L'actualité de l’examen du PLF 2024 l’a confirmé : les musiques actuelles comptent parmi les filières culturelles les moins dotées par l’Etat et les collectivités locales. Le débat parlementaire autour du financement des SMAC (Scènes de Musiques Actuelles) a pointé leur « situation alarmante », ce label étant au sein du spectacle vivant celui qui bénéficie de l’aide moyenne de l’Etat la plus faible et dont le montant plancher de participation de l’Etat est le plus faible 1.
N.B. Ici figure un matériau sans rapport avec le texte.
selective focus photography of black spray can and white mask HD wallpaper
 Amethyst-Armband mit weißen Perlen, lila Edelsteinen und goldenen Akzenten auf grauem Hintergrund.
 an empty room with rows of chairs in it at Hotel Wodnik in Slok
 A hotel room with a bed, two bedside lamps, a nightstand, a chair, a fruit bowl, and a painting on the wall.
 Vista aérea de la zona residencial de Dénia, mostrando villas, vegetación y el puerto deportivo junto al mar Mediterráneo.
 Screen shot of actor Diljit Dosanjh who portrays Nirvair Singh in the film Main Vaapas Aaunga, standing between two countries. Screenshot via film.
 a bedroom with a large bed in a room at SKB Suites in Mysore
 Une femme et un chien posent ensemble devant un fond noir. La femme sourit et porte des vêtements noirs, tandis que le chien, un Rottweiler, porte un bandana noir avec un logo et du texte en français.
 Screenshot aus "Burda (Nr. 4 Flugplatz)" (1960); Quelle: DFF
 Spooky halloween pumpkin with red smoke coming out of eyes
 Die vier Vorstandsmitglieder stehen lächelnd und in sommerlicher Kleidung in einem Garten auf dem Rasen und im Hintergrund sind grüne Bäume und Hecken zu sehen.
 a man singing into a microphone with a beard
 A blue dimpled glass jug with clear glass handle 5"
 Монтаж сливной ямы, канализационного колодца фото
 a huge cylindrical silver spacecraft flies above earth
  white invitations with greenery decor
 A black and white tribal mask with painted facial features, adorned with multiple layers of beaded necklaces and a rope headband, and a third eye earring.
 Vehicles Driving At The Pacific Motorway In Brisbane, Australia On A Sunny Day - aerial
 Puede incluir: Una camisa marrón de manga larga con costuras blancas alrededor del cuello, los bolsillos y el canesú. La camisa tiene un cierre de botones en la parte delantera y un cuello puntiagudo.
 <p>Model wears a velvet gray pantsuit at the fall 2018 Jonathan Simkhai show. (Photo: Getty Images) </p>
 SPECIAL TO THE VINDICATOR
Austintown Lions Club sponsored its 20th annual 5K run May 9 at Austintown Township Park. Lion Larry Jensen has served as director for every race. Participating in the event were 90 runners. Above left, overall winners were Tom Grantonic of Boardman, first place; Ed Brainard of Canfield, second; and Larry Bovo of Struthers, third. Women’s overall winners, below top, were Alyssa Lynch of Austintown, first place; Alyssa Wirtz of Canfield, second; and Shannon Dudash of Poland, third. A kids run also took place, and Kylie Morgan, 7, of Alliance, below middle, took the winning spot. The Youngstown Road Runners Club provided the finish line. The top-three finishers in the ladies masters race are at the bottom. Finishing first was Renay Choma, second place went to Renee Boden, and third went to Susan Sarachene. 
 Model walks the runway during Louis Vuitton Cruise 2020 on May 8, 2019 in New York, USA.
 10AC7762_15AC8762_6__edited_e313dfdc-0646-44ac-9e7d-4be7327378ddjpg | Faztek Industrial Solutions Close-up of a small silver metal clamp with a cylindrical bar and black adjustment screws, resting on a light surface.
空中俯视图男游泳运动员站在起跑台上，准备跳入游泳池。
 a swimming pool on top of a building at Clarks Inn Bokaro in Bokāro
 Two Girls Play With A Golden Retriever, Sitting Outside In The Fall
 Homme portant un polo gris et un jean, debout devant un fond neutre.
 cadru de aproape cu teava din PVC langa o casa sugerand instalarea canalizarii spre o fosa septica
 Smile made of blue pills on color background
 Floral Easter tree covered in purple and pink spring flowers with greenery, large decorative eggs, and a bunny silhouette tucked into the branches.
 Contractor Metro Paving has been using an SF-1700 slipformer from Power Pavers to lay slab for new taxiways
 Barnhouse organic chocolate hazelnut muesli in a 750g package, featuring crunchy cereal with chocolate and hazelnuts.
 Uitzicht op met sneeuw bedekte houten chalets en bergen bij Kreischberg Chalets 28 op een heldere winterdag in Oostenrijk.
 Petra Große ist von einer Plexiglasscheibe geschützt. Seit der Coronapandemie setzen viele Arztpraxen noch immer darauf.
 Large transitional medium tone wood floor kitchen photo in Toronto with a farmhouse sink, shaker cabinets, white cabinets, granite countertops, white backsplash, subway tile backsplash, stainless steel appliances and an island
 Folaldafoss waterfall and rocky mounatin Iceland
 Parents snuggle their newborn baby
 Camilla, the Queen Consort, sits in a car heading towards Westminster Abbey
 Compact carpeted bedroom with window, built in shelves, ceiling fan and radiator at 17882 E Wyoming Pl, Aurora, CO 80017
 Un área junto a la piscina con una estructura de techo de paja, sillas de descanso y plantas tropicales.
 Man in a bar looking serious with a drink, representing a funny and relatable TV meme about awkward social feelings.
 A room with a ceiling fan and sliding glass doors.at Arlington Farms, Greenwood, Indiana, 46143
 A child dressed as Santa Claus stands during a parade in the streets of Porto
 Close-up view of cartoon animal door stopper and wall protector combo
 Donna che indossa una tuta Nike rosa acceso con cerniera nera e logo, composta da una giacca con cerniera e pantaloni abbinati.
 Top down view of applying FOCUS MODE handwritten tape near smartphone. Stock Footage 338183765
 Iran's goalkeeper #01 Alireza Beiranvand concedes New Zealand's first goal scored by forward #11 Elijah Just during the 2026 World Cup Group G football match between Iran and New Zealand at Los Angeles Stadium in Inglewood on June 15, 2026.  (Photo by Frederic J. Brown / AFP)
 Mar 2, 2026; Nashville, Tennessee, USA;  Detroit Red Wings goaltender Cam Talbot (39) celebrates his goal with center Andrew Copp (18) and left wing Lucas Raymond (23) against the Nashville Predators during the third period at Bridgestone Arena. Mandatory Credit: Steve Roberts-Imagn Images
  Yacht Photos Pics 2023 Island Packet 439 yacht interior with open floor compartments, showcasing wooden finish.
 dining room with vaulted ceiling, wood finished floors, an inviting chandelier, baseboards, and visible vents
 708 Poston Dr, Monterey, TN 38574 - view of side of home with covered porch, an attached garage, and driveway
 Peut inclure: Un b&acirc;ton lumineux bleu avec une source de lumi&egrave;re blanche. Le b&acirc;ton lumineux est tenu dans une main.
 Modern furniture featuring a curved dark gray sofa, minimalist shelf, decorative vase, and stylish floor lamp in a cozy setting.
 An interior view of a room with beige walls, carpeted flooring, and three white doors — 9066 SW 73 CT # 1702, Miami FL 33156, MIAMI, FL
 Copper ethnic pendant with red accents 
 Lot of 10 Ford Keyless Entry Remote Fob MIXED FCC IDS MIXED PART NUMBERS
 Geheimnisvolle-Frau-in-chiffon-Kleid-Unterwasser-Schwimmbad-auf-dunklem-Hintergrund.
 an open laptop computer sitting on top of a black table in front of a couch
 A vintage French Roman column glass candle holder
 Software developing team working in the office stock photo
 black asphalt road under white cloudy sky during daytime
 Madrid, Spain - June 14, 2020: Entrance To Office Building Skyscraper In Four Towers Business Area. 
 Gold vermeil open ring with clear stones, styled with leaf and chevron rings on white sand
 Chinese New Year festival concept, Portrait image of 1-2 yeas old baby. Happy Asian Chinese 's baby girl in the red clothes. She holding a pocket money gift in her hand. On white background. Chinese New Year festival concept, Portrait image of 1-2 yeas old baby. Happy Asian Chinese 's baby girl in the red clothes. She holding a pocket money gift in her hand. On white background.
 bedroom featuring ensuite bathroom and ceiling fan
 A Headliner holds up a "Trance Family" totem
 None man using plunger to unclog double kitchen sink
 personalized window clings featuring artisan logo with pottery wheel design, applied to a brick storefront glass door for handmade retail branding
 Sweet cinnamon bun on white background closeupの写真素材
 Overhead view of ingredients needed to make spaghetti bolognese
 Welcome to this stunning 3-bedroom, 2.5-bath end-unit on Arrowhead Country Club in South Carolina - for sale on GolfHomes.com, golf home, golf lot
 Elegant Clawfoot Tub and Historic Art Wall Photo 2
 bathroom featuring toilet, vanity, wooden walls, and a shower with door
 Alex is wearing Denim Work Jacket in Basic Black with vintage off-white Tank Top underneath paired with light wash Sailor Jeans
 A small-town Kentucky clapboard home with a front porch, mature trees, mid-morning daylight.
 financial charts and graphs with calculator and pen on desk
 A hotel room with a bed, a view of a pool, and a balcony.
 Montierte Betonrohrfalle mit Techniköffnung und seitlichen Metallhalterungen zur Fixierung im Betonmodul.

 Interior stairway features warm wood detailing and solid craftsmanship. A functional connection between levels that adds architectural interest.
Quand on sait que les SMAC ne constituent que la partie émergée de l’iceberg, en tant qu’équipements parmi les plus aidés des musiques actuelles, l’inquiétude est légitime à l’heure où le gouvernement annonce de sérieuses coupes budgétaires en 2024-2025. Ce sous-financement chronique va en effet au-delà du seul label SMAC, et concerne également les dotations des collectivités locales. Le cas de la Région Hauts-de-France l’illustre assez nettement. Historiquement, la Région Hauts-de-France investit massivement dans la culture, au moins depuis les années 1970 et l’arrivée de Pierre Mauroy à la tête de l’exécutif régional. Elle est encore en 2023 la région métropolitaine dont le budget culture est le plus important, que ce soit en valeur absolue, en part du budget global de la collectivité ou en euros par habitant·e 2. la part de budget de la Région Hauts-de-France captée par les musiques actuelles semble minime au regard d’autres filières culturelles
Et cela devrait se confirmer pour 2024 : les régions ont toutes adopté leur budget et les Hauts-de-France conservent le budget culturel le plus élevé à 110,8 millions d’euros (+3 % en un an) 3.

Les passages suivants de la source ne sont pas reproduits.